*YOUR GOAL:* Go over the records and copy every line with the string "have".

----- INPUT -----

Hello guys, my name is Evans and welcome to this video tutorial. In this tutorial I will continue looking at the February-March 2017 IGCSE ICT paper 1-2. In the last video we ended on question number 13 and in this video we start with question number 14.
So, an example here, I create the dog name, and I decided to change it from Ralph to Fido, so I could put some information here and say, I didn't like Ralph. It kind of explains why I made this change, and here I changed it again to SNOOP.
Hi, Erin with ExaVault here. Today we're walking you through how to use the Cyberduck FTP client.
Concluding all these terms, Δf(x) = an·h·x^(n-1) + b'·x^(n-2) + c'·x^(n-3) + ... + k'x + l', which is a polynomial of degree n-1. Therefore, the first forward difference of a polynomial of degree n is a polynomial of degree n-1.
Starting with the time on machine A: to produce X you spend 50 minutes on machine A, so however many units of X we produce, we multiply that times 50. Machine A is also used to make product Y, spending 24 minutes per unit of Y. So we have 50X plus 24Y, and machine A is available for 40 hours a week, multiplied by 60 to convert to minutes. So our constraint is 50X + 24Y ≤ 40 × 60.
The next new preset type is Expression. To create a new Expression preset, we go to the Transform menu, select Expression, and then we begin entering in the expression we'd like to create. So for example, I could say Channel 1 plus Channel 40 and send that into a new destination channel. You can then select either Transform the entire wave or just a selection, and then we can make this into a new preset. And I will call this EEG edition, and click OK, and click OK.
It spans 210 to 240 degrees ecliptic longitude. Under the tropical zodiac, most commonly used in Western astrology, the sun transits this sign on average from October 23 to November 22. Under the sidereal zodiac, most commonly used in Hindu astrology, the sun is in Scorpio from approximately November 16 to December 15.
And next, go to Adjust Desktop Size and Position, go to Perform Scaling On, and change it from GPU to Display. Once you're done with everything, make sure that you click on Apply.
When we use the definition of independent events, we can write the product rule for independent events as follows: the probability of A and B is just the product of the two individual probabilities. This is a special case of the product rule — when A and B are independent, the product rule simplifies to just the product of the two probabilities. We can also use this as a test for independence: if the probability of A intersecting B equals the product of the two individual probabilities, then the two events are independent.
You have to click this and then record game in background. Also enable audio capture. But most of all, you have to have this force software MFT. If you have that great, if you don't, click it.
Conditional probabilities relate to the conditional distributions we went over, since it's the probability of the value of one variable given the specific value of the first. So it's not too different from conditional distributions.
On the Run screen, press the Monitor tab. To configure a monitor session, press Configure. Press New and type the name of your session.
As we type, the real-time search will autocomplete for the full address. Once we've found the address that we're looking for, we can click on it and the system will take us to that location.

-----

*RESPONSE FOR THIS EXERCISE:*
Starting with the time on machine A: to produce X you spend 50 minutes on machine A, so however many units of X we produce, we multiply that times 50. Machine A is also used to make product Y, spending 24 minutes per unit of Y. So we have 50X plus 24Y, and machine A is available for 40 hours a week, multiplied by 60 to convert to minutes. So our constraint is 50X + 24Y ≤ 40 × 60.
You have to click this and then record game in background. Also enable audio capture. But most of all, you have to have this force software MFT. If you have that great, if you don't, click it.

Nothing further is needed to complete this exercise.